Scraped caption text data:
##############################

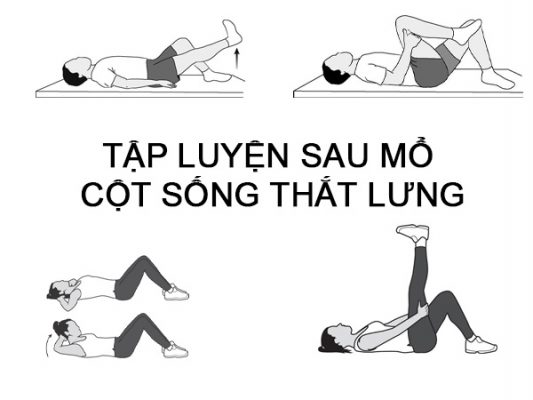 TẬP LUYỆN SAU MỔ CỘT SỐNG THẮT LƯNG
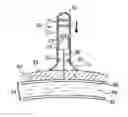 Fig. 01 - Apparatus and method for accessing the bone marrow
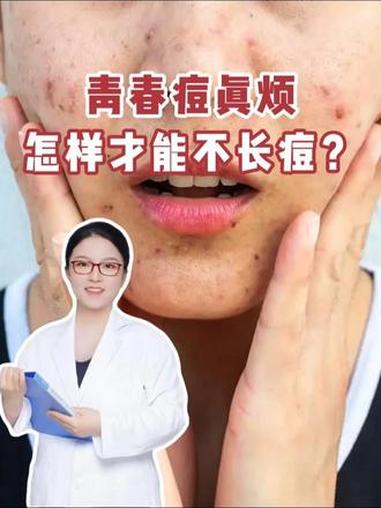 怎样才能不长青春痘！#青春痘 #痘痘 #抖出健康知识宝藏 #医疗健康创作训练营 #我的年度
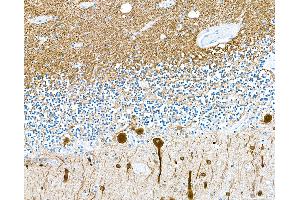 Immunohistochemistry (IHC) image for anti-Tubulin, beta 3 (TUBB3) (AA 400-450) antibody (ABIN7453957) (Recombinant TUBB3 antibody  (AA 400-450))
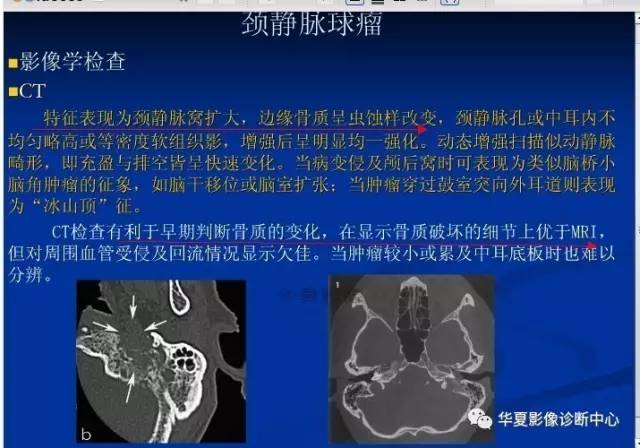 颈静脉球的变异与疾病诊断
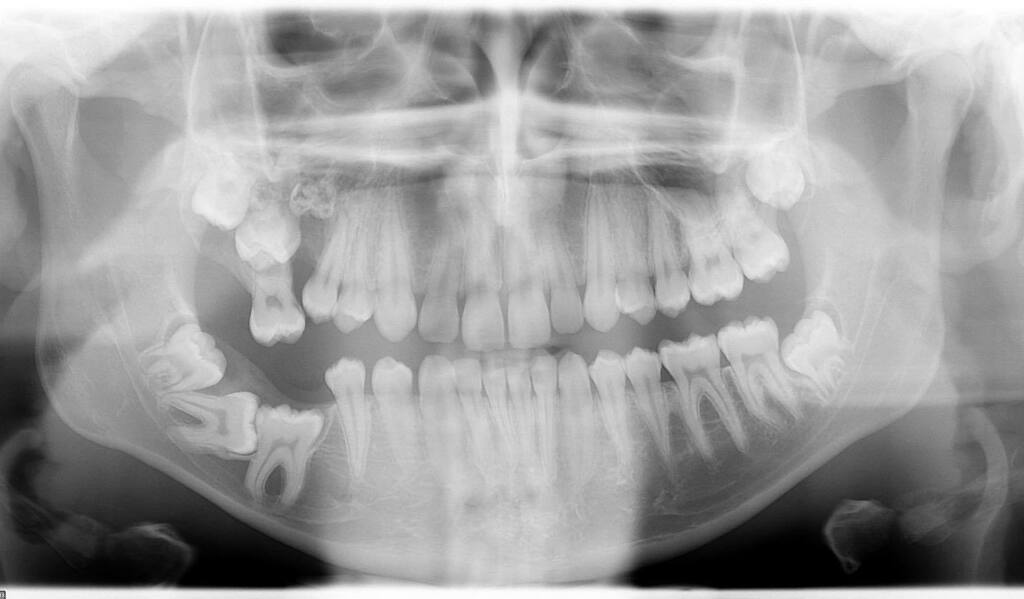 picassoortho's tweet photo. How many things are not normal in this X-ray? 🤓
•

•

•
#picasso #picassoortho #orthodontist #orthodontics #dentist #dental #health #healthcare #healthy #doctor #doctors #happy #love #patient #smile #teeth #teethwhitening #braces #invisalign #awesome #cool #fun #instagoo… https://t.co/oiq6iEGyaF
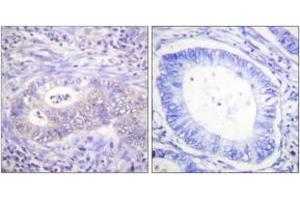 Immunohistochemistry analysis of paraffin-embedded human colon carcinoma, using PFKFB2 (Phospho-Ser483) Antibody.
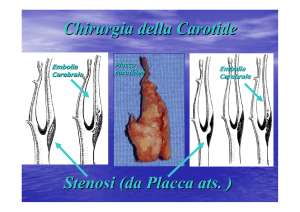 Chirurgia della Carotide Stenosi (da Placca ats. )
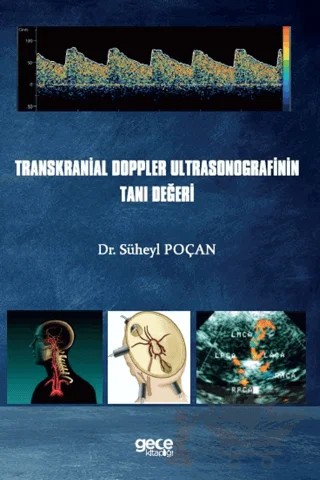 Transkranial Doppler Ultrasonografinin Tanı Değeri – Süheyl Poçan – Gece Kitaplığı kitap kapağı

##############################

## What needs to be done
Your job is to copy each entry exactly as written; the pictures do not go in.

## Your solution
 TẬP LUYỆN SAU MỔ CỘT SỐNG THẮT LƯNG
 Fig. 01 - Apparatus and method for accessing the bone marrow
 怎样才能不长青春痘！#青春痘 #痘痘 #抖出健康知识宝藏 #医疗健康创作训练营 #我的年度
 Immunohistochemistry (IHC) image for anti-Tubulin, beta 3 (TUBB3) (AA 400-450) antibody (ABIN7453957) (Recombinant TUBB3 antibody  (AA 400-450))
 颈静脉球的变异与疾病诊断
 picassoortho's tweet photo. How many things are not normal in this X-ray? 🤓
•

•

•
#picasso #picassoortho #orthodontist #orthodontics #dentist #dental #health #healthcare #healthy #doctor #doctors #happy #love #patient #smile #teeth #teethwhitening #braces #invisalign #awesome #cool #fun #instagoo… https://t.co/oiq6iEGyaF
 Immunohistochemistry analysis of paraffin-embedded human colon carcinoma, using PFKFB2 (Phospho-Ser483) Antibody.
 Chirurgia della Carotide Stenosi (da Placca ats. )
 Transkranial Doppler Ultrasonografinin Tanı Değeri – Süheyl Poçan – Gece Kitaplığı kitap kapağı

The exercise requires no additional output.